DIALEKSIS.COM | Banda Aceh - Menjelang datangnya bulan suci Ramadan 1447 Hijriah, kebutuhan pengungsi banjir di Aceh kian mendesak.
Selain kebutuhan pangan dan kesehatan, perlengkapan ibadah menjadi hal yang sangat dibutuhkan oleh para pengungsi agar dapat menjalankan ibadah dengan layak di tengah keterbatasan.
Pendiri Rangkang Pustaka, Muhammad Ichsan Abda, mengatakan bahwa kondisi di lokasi pengungsian masih jauh dari kata ideal, terutama menjelang Ramadan yang identik dengan peningkatan aktivitas ibadah umat Muslim.
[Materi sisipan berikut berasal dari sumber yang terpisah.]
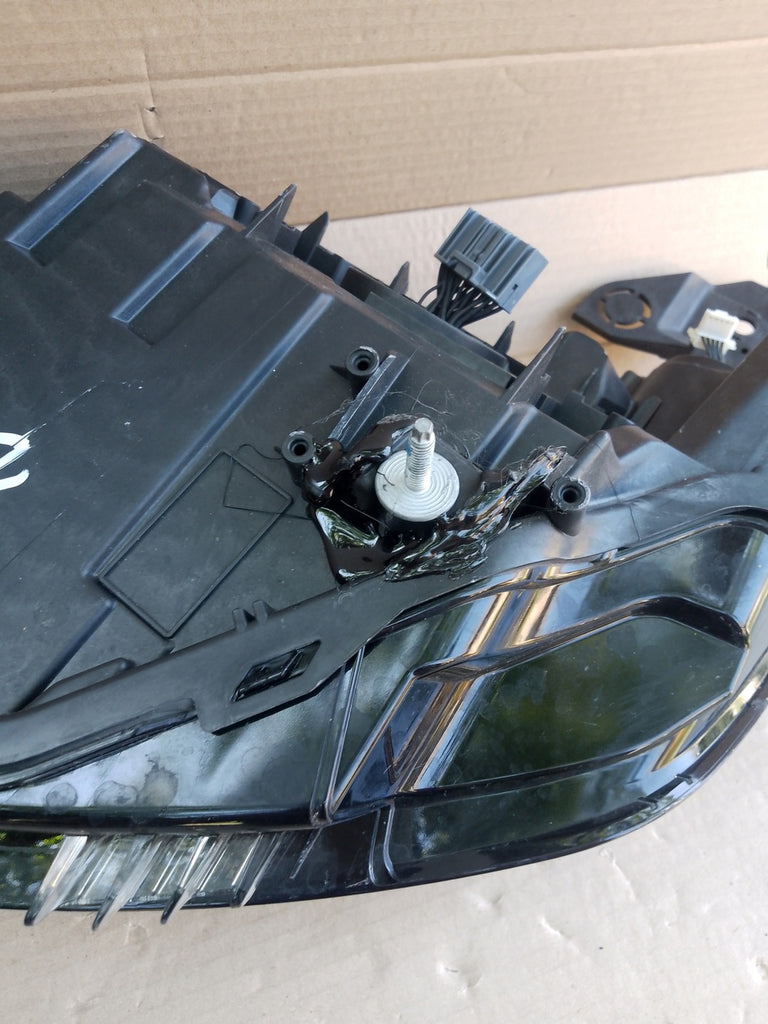 Frontscheinwerfer Peugeot 2008 208 II 9841641980 Full LED Rechts Headlight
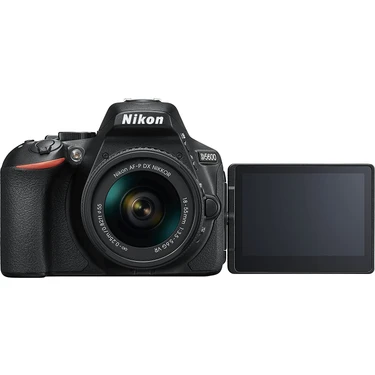 Nikon D5600 18-55 mm Vr + 70-300 mm Vr Dslr Fotoğraf Fiyatı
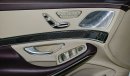 Mercedes-Benz S 63 AMG 4M Designo Exclusive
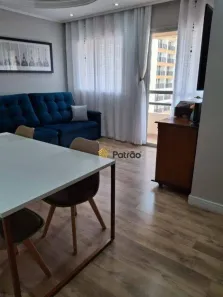 Apartamento com 3 Quartos à venda, 78m² no Planalto, São Bernardo do Campo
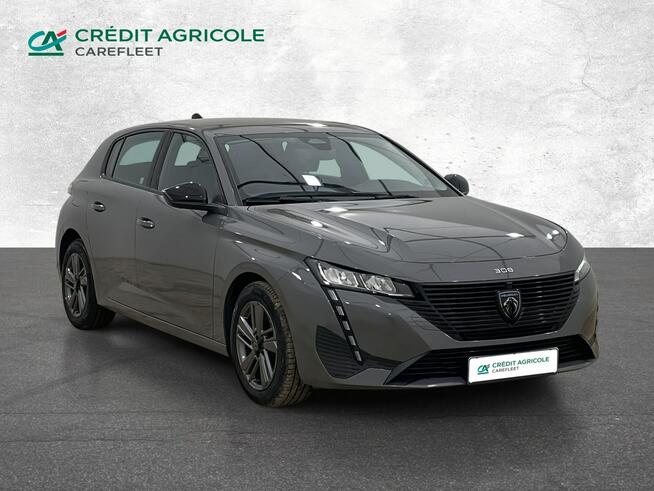 Peugeot 308 1.5 Blue HDI ActivePack S&amp;S EAT8 Warszawa - zdjęcie 3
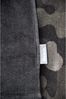 Bench Strand- und Saunatuch, Nature Inspired, 80x180 cm, 100 % Baumwolle, Velours, Mit Aufhänger, Farbe: Grau Tarnmuster, Art. Nr.: 6112608537 Bild 3
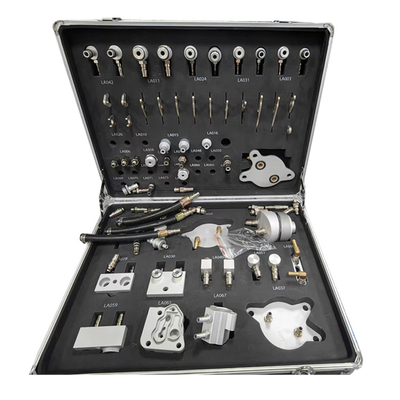 37pcs-Package Atf Adapter Kit Transmission Fluid Filling Connector voor de Europese markt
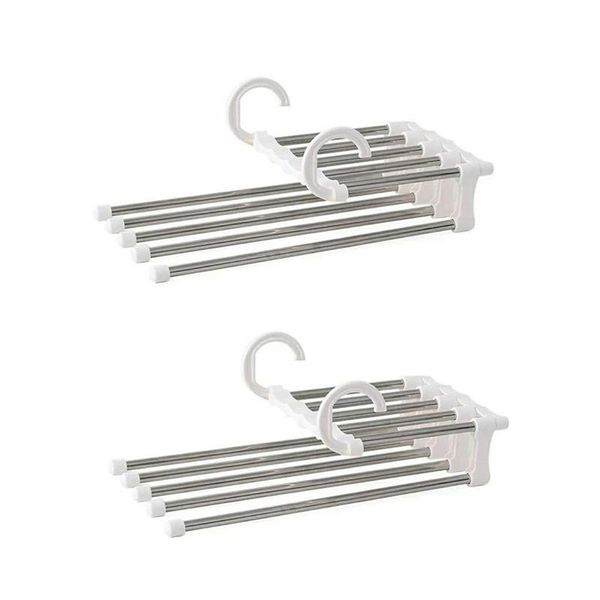 hangers & racks pants hanger closet organizer space saver clothing rack stainless steel multi-functional ic clothes hook apply for pan
hangers & racks pants hanger closet organizer space saver clothing rack stainless steel multi-functional ic clothes hook apply for pan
“Menjelang Ramadan, kebutuhan paling mendesak di pengungsian bukan hanya soal makan dan minum, tetapi juga sejadah, Al-Qur’an, perlengkapan salat, hingga kitab kuning. Ini penting agar para pengungsi tetap bisa menjalankan ibadah dengan tenang dan khusyuk,” ujar Ichsan Abda saat dimintai tanggapan oleh media dialeksis.com, Selasa, 27 Januari 2026.
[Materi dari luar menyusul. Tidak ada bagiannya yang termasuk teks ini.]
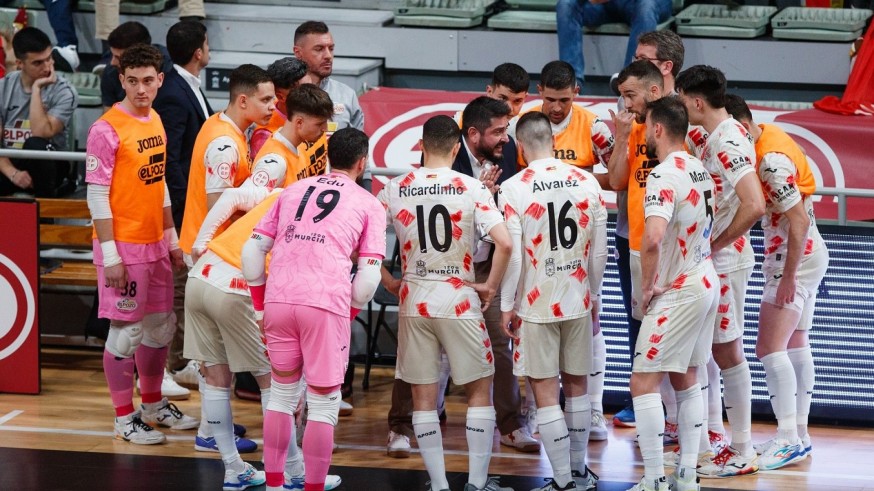 Josan: "El Inter también debe preocuparse por ElPozo"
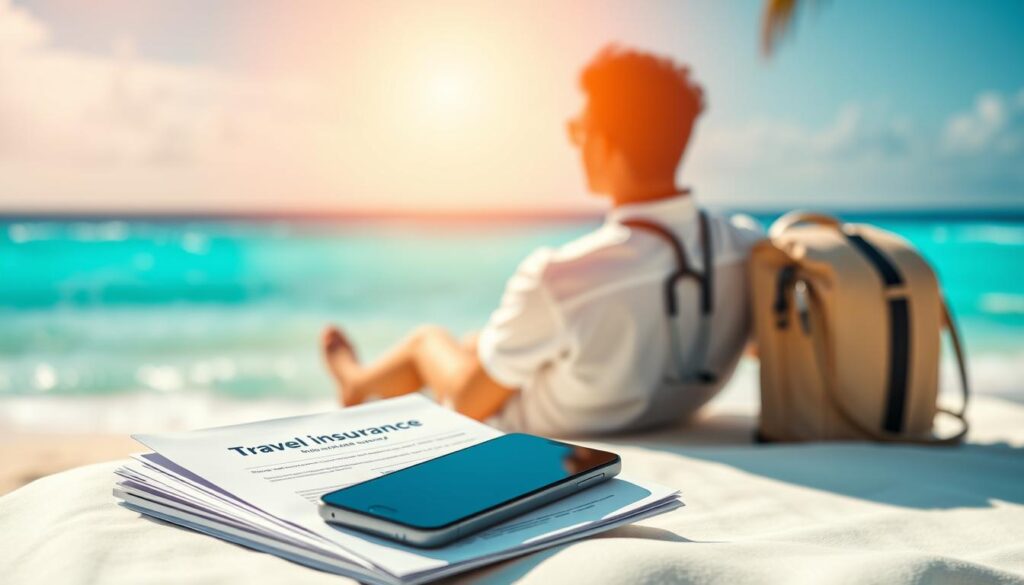 travel insurance medical coverage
Ia menjelaskan, banjir yang melanda sejumlah wilayah di Aceh Utara memaksa warga meninggalkan rumah dan harta benda mereka. Banyak di antara pengungsi yang tidak sempat menyelamatkan perlengkapan ibadah karena kondisi banjir yang datang secara tiba-tiba.
Selain perlengkapan ibadah, Ichsan juga menyoroti kebutuhan mendesak lainnya, yakni alat komunikasi dan perangkat elektronik seperti handy talky (HT). Menurutnya, alat tersebut sangat penting untuk koordinasi antarrelawan dan komunikasi darurat di lokasi pengungsian.
“HT atau alat elektronik sangat dibutuhkan, terutama untuk memperlancar komunikasi di lapangan. Di beberapa titik, jaringan seluler tidak stabil, sehingga alat komunikasi alternatif menjadi krusial,” jelasnya.
Sebagai bentuk kepedulian, tim relawan Rangkang Pustaka telah turun langsung ke lokasi bencana dan berpartisipasi dalam upaya pemulihan bagi para pengungsi. Ichsan menyebutkan, pihaknya meninjau langsung kondisi pengungsi di Dusun Lhok Pungki, Gunci, Kecamatan Sawang, Kabupaten Aceh Utara.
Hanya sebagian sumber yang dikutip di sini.